--- WHAT IS BEING ASKED ---
If a line in the records below contains the word "device", copy it.

--- STUDY MATERIAL ---
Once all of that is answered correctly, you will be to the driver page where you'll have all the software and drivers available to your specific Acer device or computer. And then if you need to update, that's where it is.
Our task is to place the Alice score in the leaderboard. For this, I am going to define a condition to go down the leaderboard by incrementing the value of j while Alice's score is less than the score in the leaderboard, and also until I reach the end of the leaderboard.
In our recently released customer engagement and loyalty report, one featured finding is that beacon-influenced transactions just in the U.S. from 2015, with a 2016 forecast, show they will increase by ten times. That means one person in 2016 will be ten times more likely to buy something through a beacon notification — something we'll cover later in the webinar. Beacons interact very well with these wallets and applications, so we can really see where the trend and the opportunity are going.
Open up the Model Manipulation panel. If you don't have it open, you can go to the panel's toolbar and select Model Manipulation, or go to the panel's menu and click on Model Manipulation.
...
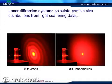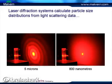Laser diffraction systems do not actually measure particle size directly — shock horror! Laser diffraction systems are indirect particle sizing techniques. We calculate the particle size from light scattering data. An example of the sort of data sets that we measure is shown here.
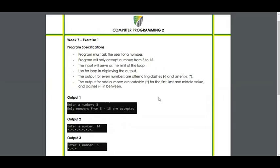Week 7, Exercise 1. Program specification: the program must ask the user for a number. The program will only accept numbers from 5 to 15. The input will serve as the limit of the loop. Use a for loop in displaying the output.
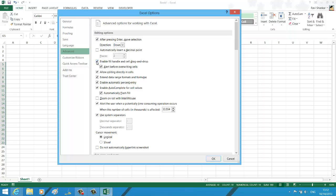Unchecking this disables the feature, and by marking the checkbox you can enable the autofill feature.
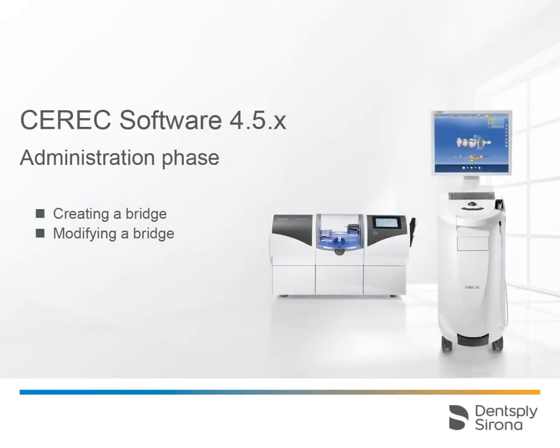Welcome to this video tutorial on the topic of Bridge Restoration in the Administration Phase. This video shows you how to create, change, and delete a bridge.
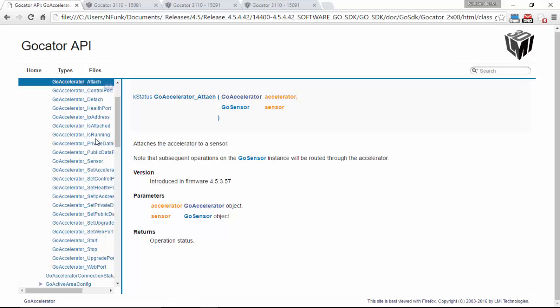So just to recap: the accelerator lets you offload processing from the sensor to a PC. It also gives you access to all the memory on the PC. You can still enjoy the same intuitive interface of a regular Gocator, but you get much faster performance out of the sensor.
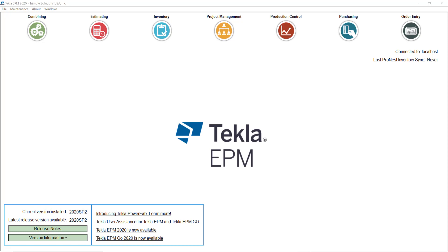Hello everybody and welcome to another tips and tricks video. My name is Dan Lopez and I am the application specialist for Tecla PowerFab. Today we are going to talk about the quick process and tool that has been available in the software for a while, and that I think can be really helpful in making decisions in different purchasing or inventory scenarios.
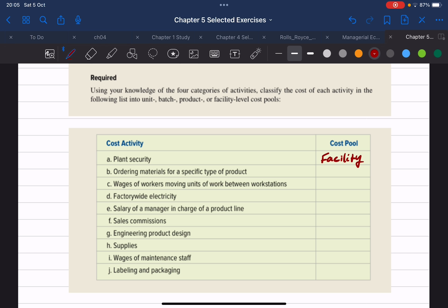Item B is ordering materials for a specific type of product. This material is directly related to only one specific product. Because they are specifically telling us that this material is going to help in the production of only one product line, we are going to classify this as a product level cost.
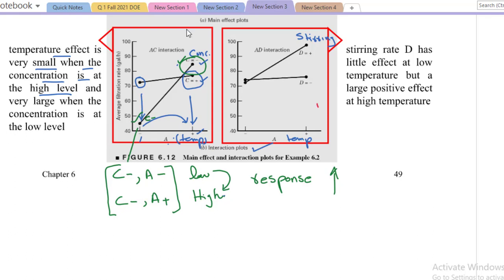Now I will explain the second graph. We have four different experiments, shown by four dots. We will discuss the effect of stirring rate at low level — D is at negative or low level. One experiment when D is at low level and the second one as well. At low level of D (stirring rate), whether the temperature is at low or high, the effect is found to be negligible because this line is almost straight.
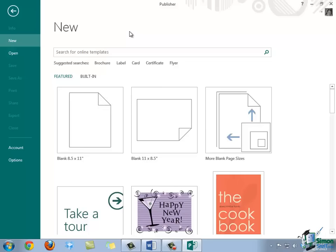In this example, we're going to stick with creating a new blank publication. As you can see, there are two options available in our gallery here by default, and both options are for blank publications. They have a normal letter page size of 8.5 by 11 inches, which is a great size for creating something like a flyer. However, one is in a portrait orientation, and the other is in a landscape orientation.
--
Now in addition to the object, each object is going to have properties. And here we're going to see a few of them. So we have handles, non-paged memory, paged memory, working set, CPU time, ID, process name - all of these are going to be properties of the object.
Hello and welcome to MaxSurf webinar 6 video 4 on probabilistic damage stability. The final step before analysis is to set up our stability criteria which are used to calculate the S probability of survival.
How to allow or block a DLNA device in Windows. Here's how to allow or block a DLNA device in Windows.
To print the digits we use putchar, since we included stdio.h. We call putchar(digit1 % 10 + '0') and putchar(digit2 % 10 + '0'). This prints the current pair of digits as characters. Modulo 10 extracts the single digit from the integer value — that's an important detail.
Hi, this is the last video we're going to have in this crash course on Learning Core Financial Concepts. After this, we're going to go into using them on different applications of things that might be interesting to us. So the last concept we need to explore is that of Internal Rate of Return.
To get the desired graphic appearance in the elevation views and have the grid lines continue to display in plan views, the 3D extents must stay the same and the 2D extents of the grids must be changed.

--- WRITTEN REPLY ---
Once all of that is answered correctly, you will be to the driver page where you'll have all the software and drivers available to your specific Acer device or computer. And then if you need to update, that's where it is.
How to allow or block a DLNA device in Windows. Here's how to allow or block a DLNA device in Windows.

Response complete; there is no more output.